Поэзия слова даёт мысль, и по ней нужно создать
образ и настроение, а музыка даёт настроение,
и по нем надобно воссоздать мысль и образ.
Н. Римский-Корсаков
Горький очень остро чувствовал могучую силу воздействия музыки, она всегда волновала воображение писателя. В музыке он рано ощутил ту гармоническую целостность, которую позднее искал в жизни, в искусстве - в литературе и живописи. Слова «музыка», «музыкальность» в применении к литературе означали у Горького наивысшую художественную оценку. В пору своей дружбы с Чеховым Горький писал ему о спектаклях МХТ: «Музыка, а не игра». Рассказывая Чехову о намерении написать пьесу для этого театра, Горький говорил, как хочется добиться ему истинно художественного совершенства: «Чтобы стройно и красиво было, как музыка».
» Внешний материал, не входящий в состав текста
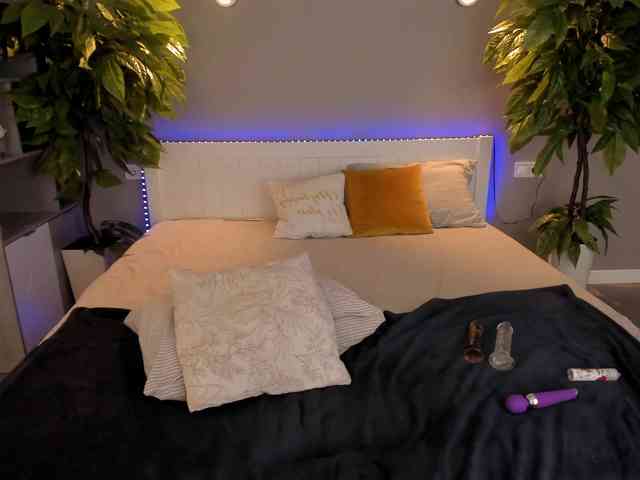 LunaLicks webcam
Пианист Григорий Гинзбург вспоминал о встрече с Горьким, когда он играл перед писателем в знаменитом особняке на Малой Никитской: «Я сразу понял, что сегодня он одержим музыкой, что она нужна ему в этот вечер, как глоток воды жаждущему человеку. Но, может быть, и даже наверное, музыка была для него не только наслаждением – она пробуждала в нём полёт художественной фантазии, рождала литературные образы многих его шедевров… Я начал с «Лунной сонаты» Бетховена. Иногда во время первой части мне удавалось краем глаза увидеть сосредоточенное лицо Горького. Его углублённость в музыку была столь велика, что, даже не зная, кто это, можно было сказать – это слушает человек исключительной душевной силы и воли.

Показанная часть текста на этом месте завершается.